GLM-5 Inference Speed on WaveSpeed: Latency & Throughput

I wanted a fast reply while drafting an onboarding email. GLM-5 felt smart, but the first token took long enough that I caught myself staring at the cursor. Not a crisis, just a small pause that kept happening. That’s usually my cue to check what’s actually going on.

I’m Dora. I ran a simple set of tests to see how much GLM-5 inference speed I could squeeze out without turning my workflow into a science project. Nothing fancy, just enough to feel the difference in real work, not a lab.

Test methodology (hardware, settings, prompt lengths)

I tried three access paths:

WaveSpeed: a lightweight acceleration layer I’ve been testing that handles request shaping and caching on the client/gateway side.
Direct Z.ai API: the straight route to GLM-5 via the provider.
OpenRouter: a broker that forwards to the model provider with some extras.

Hardware and context

Local client: MacBook Pro (M2 Max, 64 GB RAM). Network on stable fiber (≈500 Mbps down, ≈30 ms to common US endpoints).
Server side: no custom server, just client calls, except WaveSpeed, which runs a small local gateway to manage caching and batch shaping.

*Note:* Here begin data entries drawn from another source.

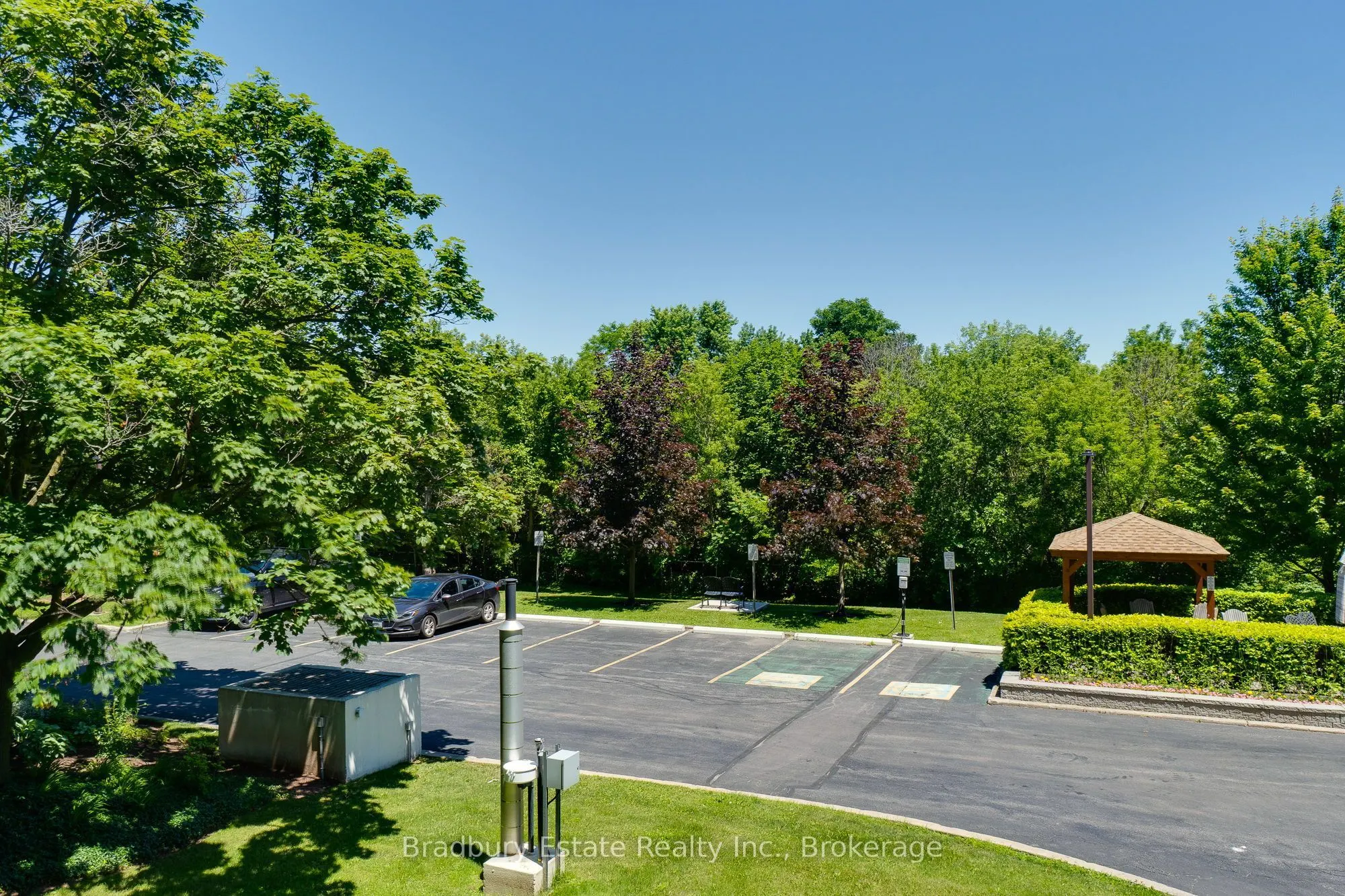 5080 Pinedale Avenue N #203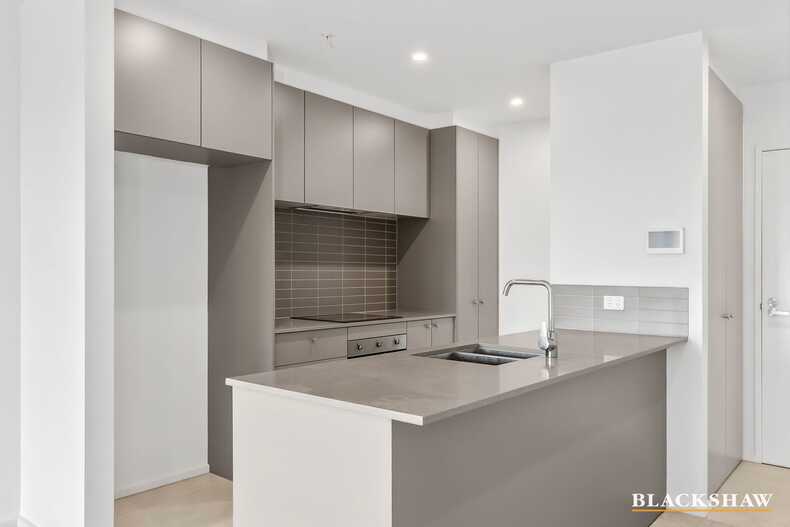72/1 Buninyong Street Watson
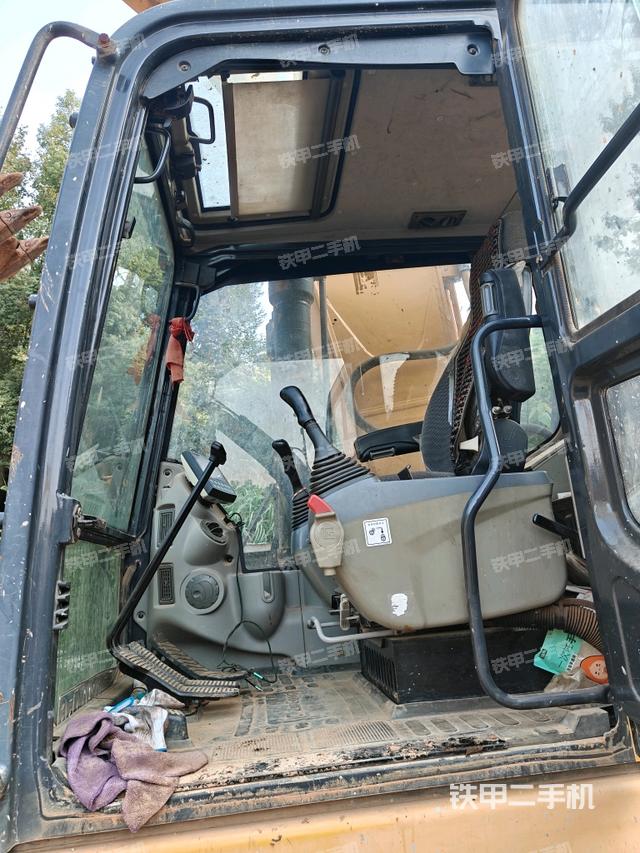 左后方玻璃角標(biāo)（駕駛室部分）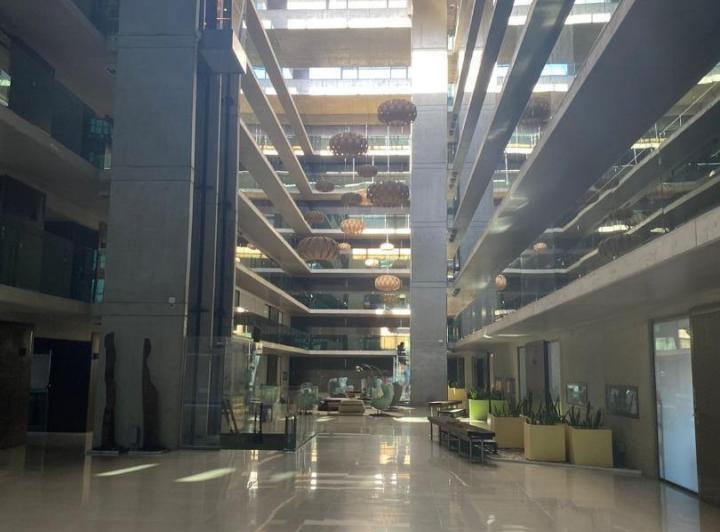 VENTA - DEPARTAMENTO PREMIUM CON COCHERA 1
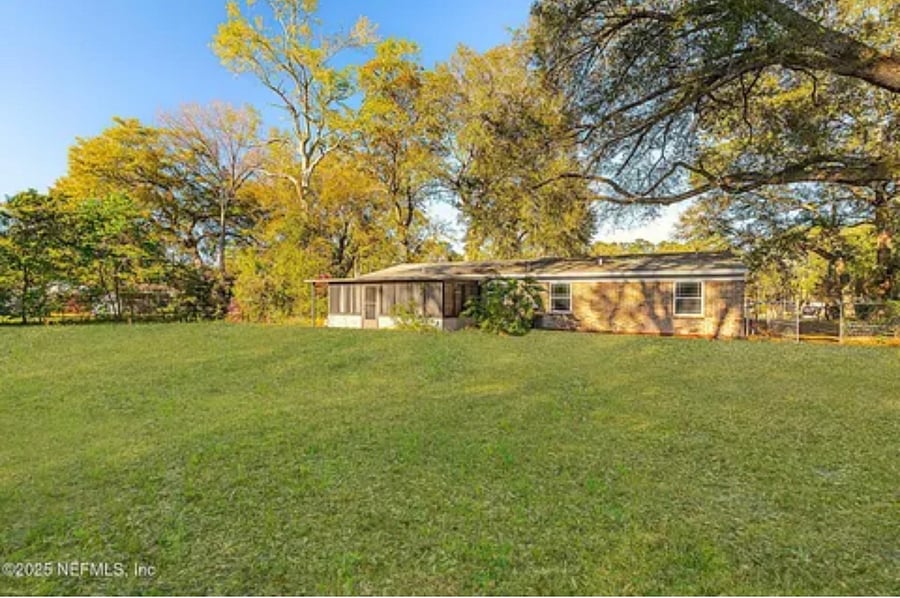 Furnished Finder property 1044724_1 photo 3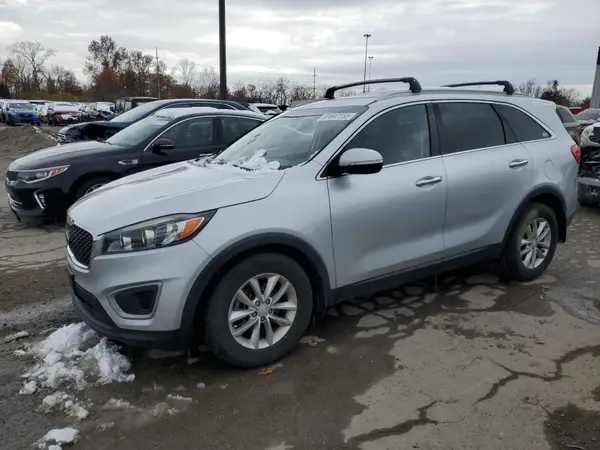 5XYPG4A37JG423132 2018 KIA SORENTO - Image 1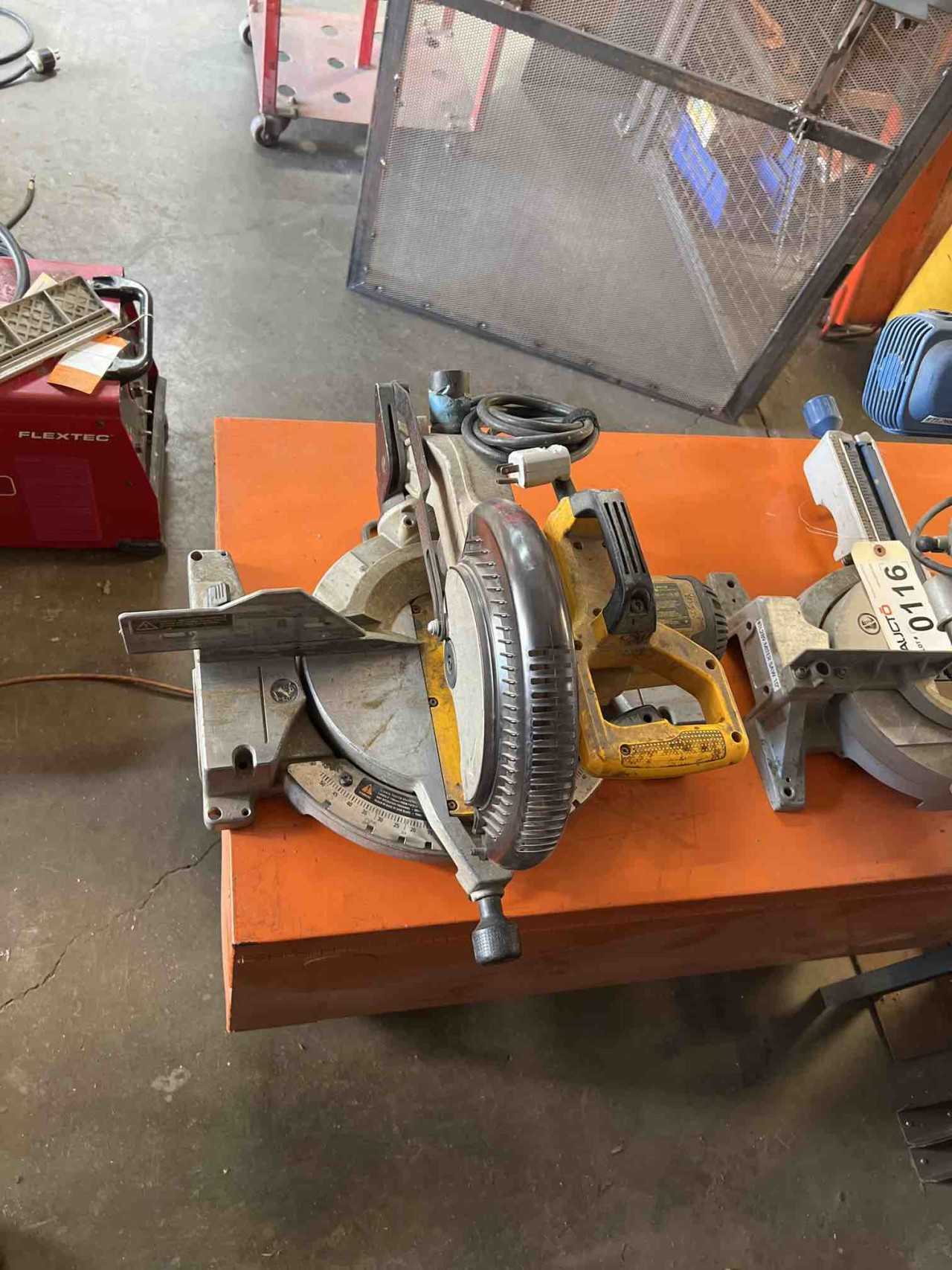 Dewalt Compound Miter Saw 10” - MATERIAL HANDLING Dewalt Compound Miter Saw 10” - MATERIAL HANDLING
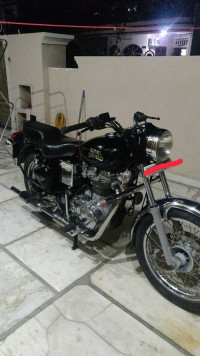 Black Royal Enfield Bullet Electra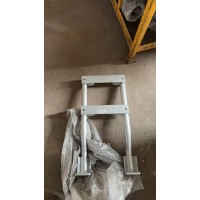 YG9525544025消聲器支架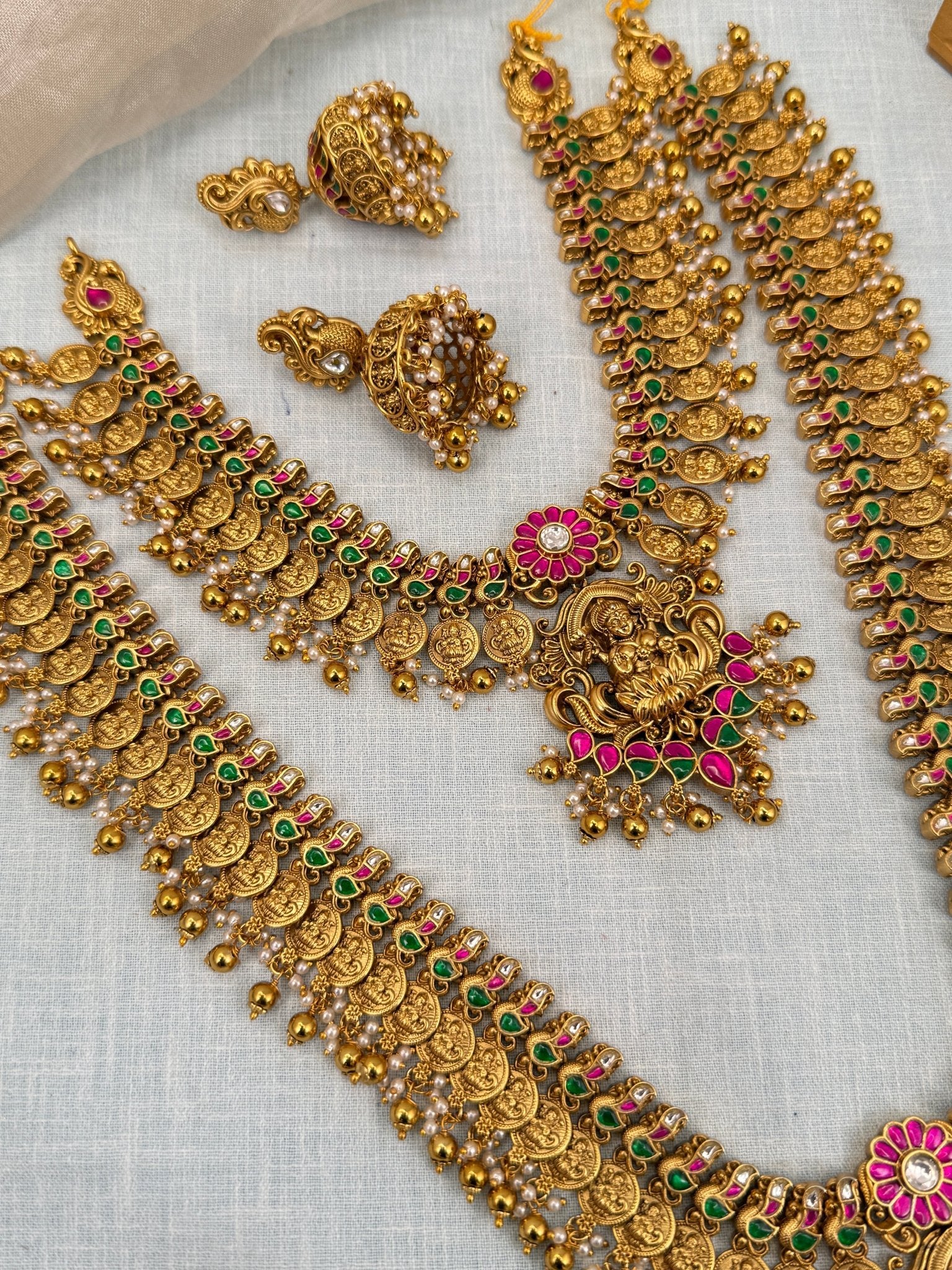 Luxurious Antique Jadau Kaasu Bridal Necklace Set 748 - Mahilas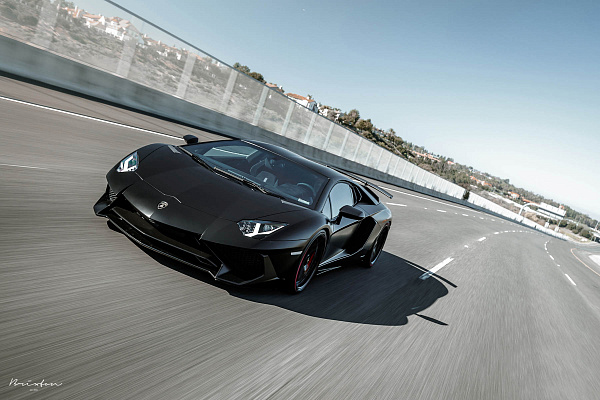 Фото дисков Brixton Forged PF5 Черный глянец на Lamborghini Aventador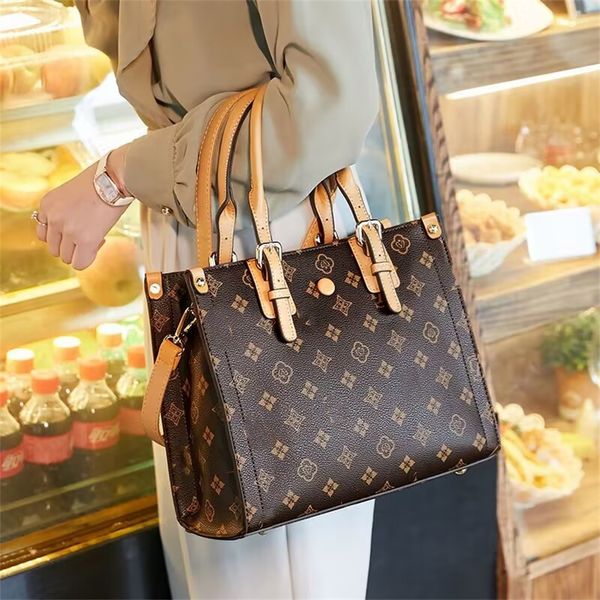 women shoulder bags black white flowers totes bag modern classic handbag temperament shopping tote luxury wallets 2 colors 2023
women shoulder bags black white flowers totes bag modern classic handbag temperament shopping tote luxury wallets 2 colors 2023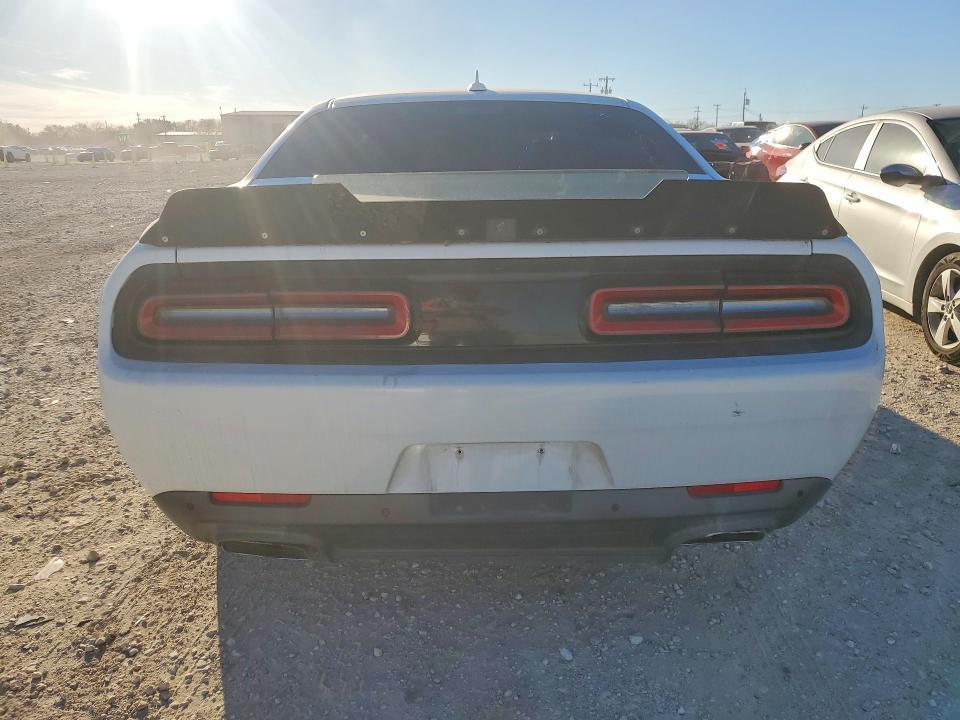 2015 Dodge Challenger sxt Plus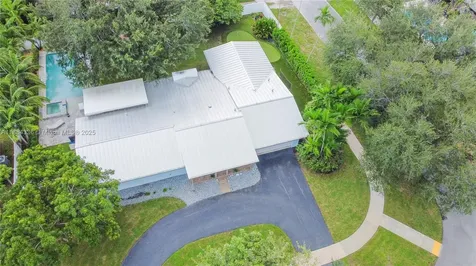 1190 Robin Avenue Miami Springs FL 33166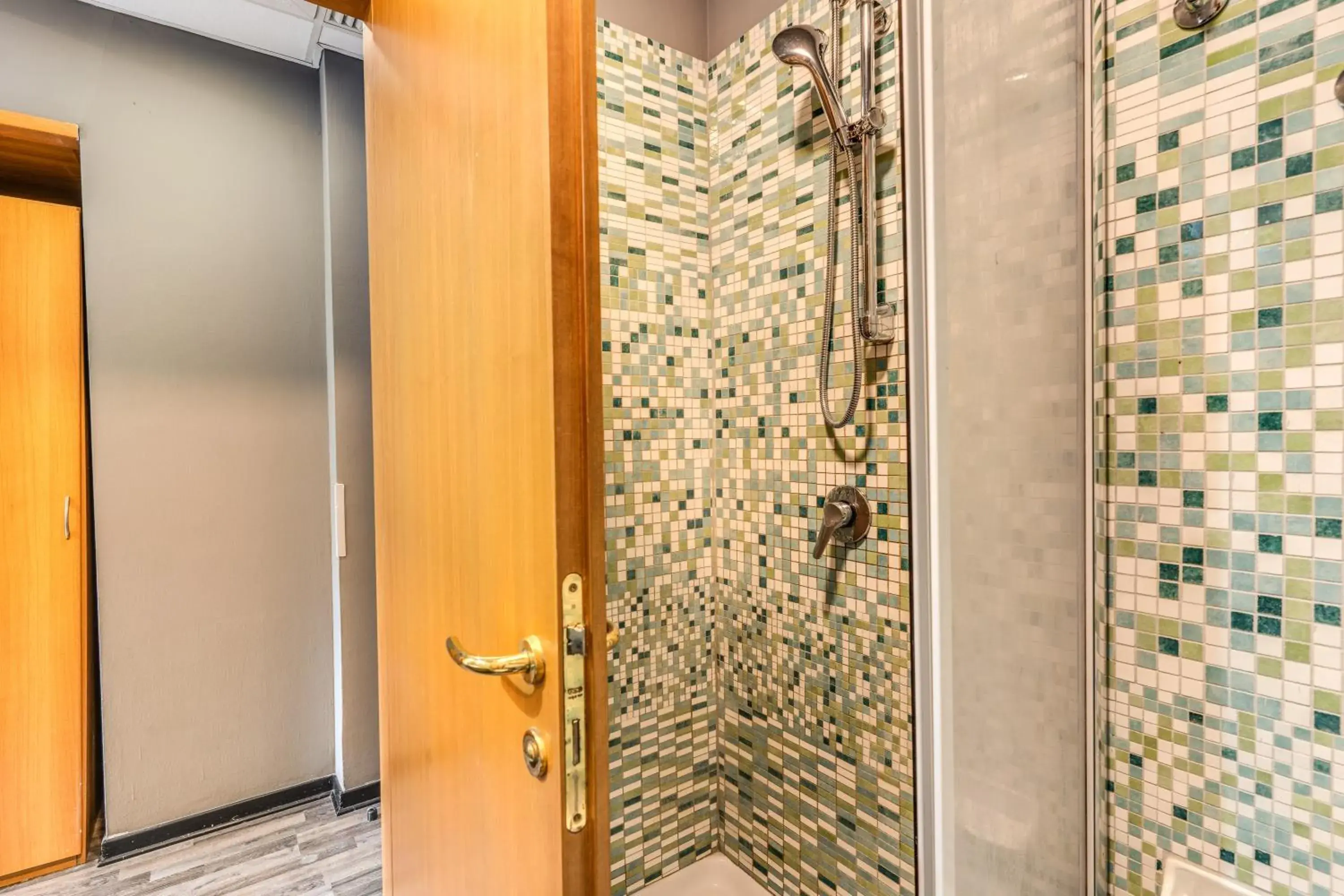 Shower, Bathroom in Scheppers Hotel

Settings I kept steady unless noted

Model: GLM-5 (chat/completions), temperature 0.2, top_p 0.9, max_tokens 512.
Streaming on, because that’s how I actually work.
Retries off except for network errors.

Prompts I used

Short: 60–80 tokens (a tight instruction with 2–3 constraints).
Medium: ~350 tokens (email draft with brand notes and examples).
Long: ~1,500 tokens (small brief with product context, tone notes, and do/don’t lists).

I ran 25 iterations per condition and recorded:

Time to first token (TTFT): from request send to first streamed token.
Throughput (tokens/s): streamed output rate once tokens start.
A toggle for “thinking mode” (provider’s reasoning traces).

Key metrics

Time to first token (TTFT)

Short prompts landed between 250–400 ms on good routes. Medium prompts pushed TTFT closer to 450–700 ms. Long prompts crossed one second unless caching kicked in. The jump wasn’t linear: it felt like queueing + validation overhead mattered as much as prompt length.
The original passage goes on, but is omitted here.